For example, in Edwards, the court conditionally certified a § 216(b) collective action over defendant's objections. The named plaintiff, Edwards, brought suit on behalf of himself and between 900 and 1,000 police officers represented by the Long Beach Police Officers' Association. Plaintiff alleged that the department had a policy and practice of denying plaintiffs and other officers thirty-minute uninterrupted meal periods. The defendant opposed conditional class certification, pointing out differences between Edwards' job duties and another potential member of the collective action. Defendants presented a detailed analysis of the difference in the two officers' positions and duties and the differences in their potential claims. However, the court found the plaintiffs met their threshold showing that the potential members of the § 216(b) collective action were "similarly situated" based on plaintiffs' complaint allegations, and supporting affidavits and exhibits that asserted Edwards routinely worked unpaid overtime in violation of the FLSA, and that his experiences were shared by members of the proposed collective action. Id. at 991. The court also found that defendants' arguments were better suited for the more stringent second step of the § 216(b) collective action certification analysis in a motion to decertify the § 216(b) collective action after notice had been given and the deadline to opt in had passed. Id. at 990.

Similarly, in Leuthold, the court applied the two-tiered approach to evaluate whether a FLSA collective action should be certified to provide initial notice to prospective plaintiffs followed by a final evaluation whether plaintiffs who opted in were similarly situated. There, the plaintiffs sought FLSA collective action certification pursuant to § 216(b) on behalf of a class consisting of all current or former tour directors of two separate, but interrelated companies who worked or resided in the United States while working for the companies. Although finding it a close question given the extensive discovery that had already taken place, the court determined notice should be sent to the proposed class for several reasons. Id. at 468. First, although extensive discovery had taken place, there were numerous discovery disputes and it was unclear to the district court whether a complete factual record had been developed and presented. Id. Second, the majority two-tier approach contemplates a progression in which the court first reaches the threshold question whether conditional certification and notice are appropriate, and then applies more rigorous analysis in a motion to decertify the class. Id.

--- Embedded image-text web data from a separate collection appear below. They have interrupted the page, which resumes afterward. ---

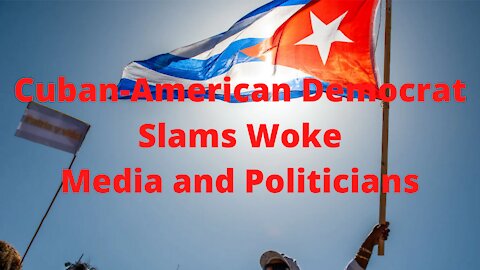 Cuban-American Democrat Slams Woke Media and Politicians Over Cuba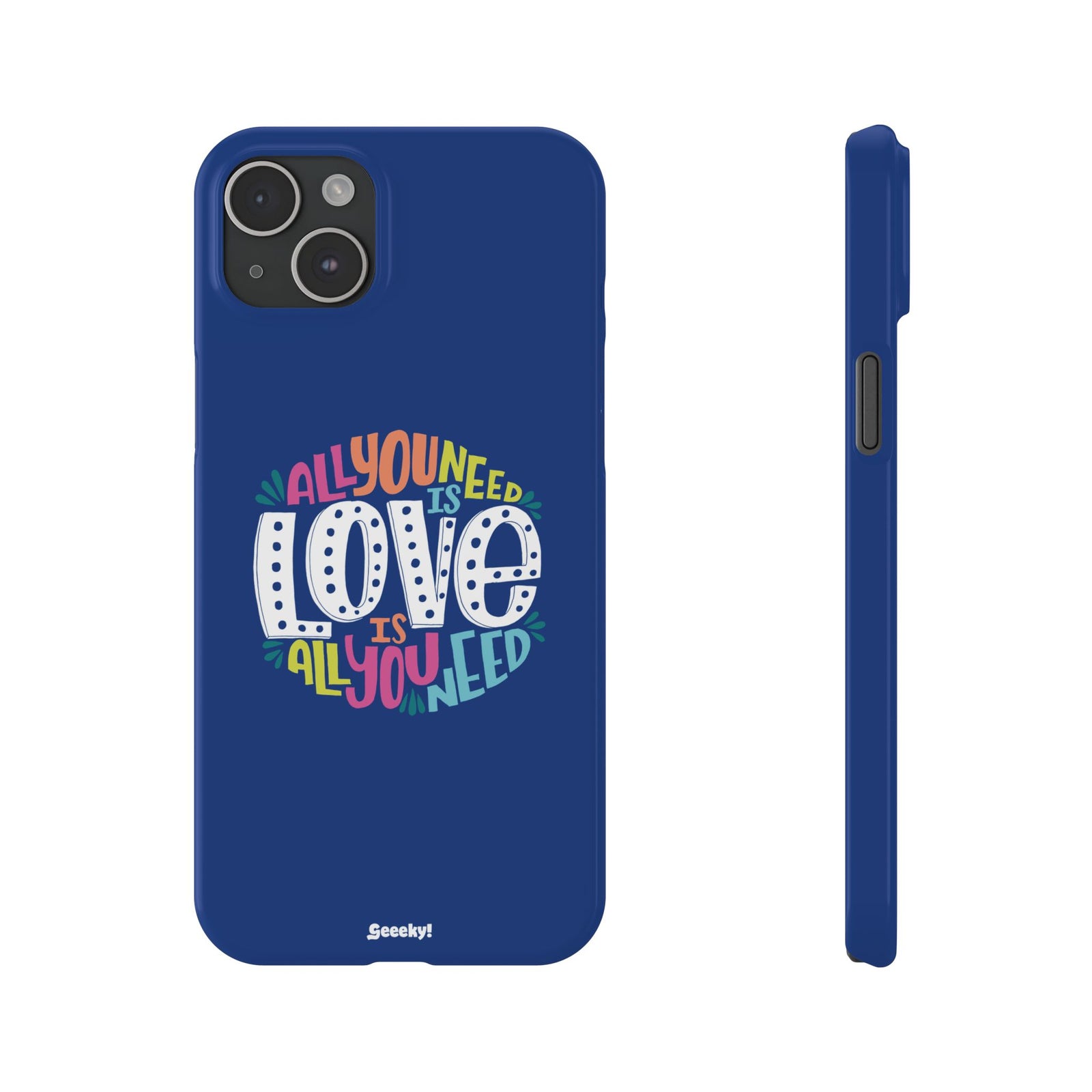 All You Need Is Love – Slim iPhone Case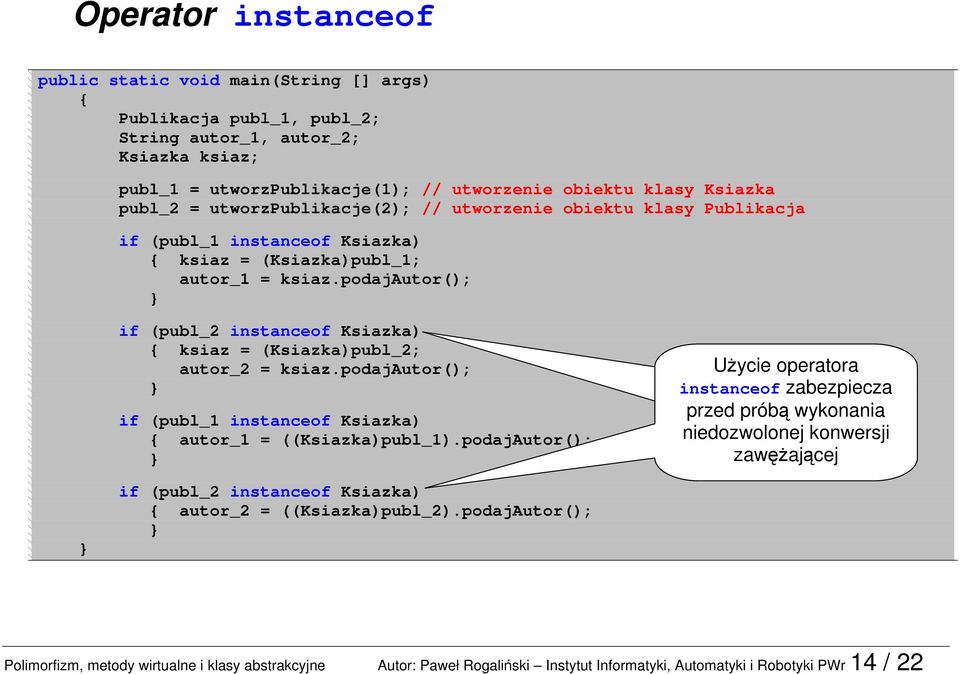 podajautor(); if (publ_2 instanceof Ksiazka) ksiaz = (Ksiazka)publ_2; autor_2 = ksiaz.podajautor(); if (publ_1 instanceof Ksiazka) autor_1 = ((Ksiazka)publ_1).
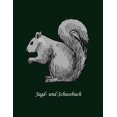 thumbnail image 1 of Jagd- und Schussbuch: Ein Schussbuch, (Paperback), 1 of 1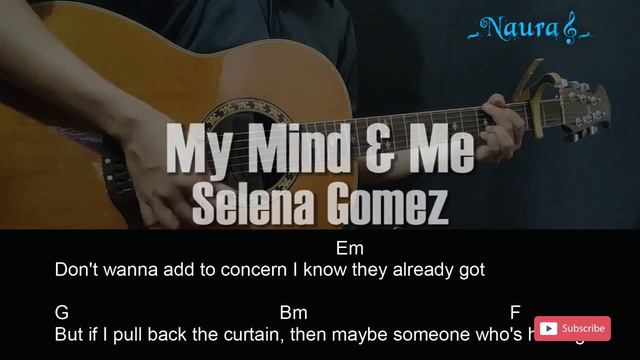 Selena Gomez - My Mind & Me Guitar Chords Lyrics смотреть онлайн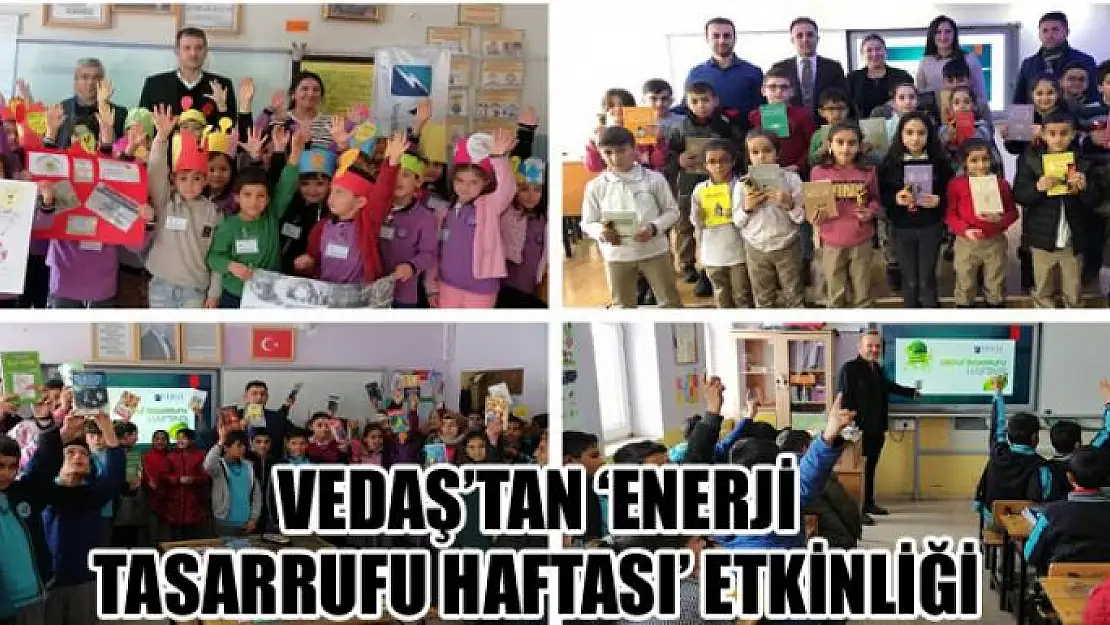 VEDAŞ'tan 'Enerji Tasarrufu Haftası' etkinliği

Applying the more lenient first tier analysis, the Leuthold court found the plaintiffs had met their threshold burden by making substantial allegations that the putative class members were subject to a single illegal policy, plan or decision. Id. The plaintiffs' complaint allegations that tour directors and tour managers employed by defendants had not been paid overtime wages, together with plaintiffs' affidavits which described their job duties, asserted that they often worked more than forty hours per week without overtime pay, and claimed that their experiences were common to the proposed class were enough to support this threshold showing. Id. The Leuthold court noted that the number and type of plaintiffs who chose to opt in to the class might affect the court's second tier inquiry concerning the disparate factual and employment situations of the opt in plaintiffs, and that bypassing the first tier notice stage potentially prejudiced the plaintiffs. Specifically, the Leuthold decision found that bypassing the first step of the analysis would "deprive the court of information and might deprive some plaintiffs of a meaningful opportunity to participate." Id.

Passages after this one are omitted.